His reactions to things that went wrong were often sinful. I took it as a personal mission to remove his sinful reactions by creating an atmosphere that was perfect. Again, he did not ask me to do this. I wrongly assumed it was my duty to do this. I thought I could place my husband in a perfect home environment, plan perfect family outings, give perfect advice for his problems, and respond perfectly to his requests and he would, in turn, be perfect in this atmosphere I had created.

That feels crazy when I say it so bluntly. 

The truth is, I can never create a perfect atmosphere. And it has never been my “job” to try.

I have changed the goal in my mind from being perfect to pointing to the One who is perfect. If I have a “job” as a wife, it is to point my husband to a perfect God each time he sins.

The reality of this is not easy.

For Brian marriage was honestly a lot more fun when I was making sure everything went his way. He didn’t know I was doing this and didn’t ask me to, but once I stopped ‘catering to him’ things had to get tougher before they could get better.

His changes did not come as a result of me telling him he needed to change. They came as a result of prayers on both of our parts. It came from me starting to feel safer opening up and sharing my heart with him. I began to tell him how I truly felt. I told him the times I was feeling like a failure so he could be aware of how his reactions were impacting me. And he began taking on a new role of guarding my heart.  

I really don’t know what would have happened to our marriage in the early days if I hadn’t been like I was. Maybe he would have spiritually matured a lot faster, maybe I stunted his growth.

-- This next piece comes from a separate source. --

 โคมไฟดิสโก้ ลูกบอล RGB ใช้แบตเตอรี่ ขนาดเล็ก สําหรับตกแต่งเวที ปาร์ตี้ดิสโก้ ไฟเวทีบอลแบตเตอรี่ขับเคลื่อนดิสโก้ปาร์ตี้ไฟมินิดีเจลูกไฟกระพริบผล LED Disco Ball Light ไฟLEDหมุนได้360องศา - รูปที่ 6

We will never know. I just know I wish we had the marriage we have now back then.

I know we can’t go back and change the events and the attitudes that have brought us to the point we are at now, but I know we can surrender our current attitudes and habits and beg God to help us change.

And I know this is a continual work. It is a work that needs God’s Grace and mercy and love all over it. Because I am not a Savior, and each time I try to be one for someone—I will fail. But HE is a Savior and He will never fail.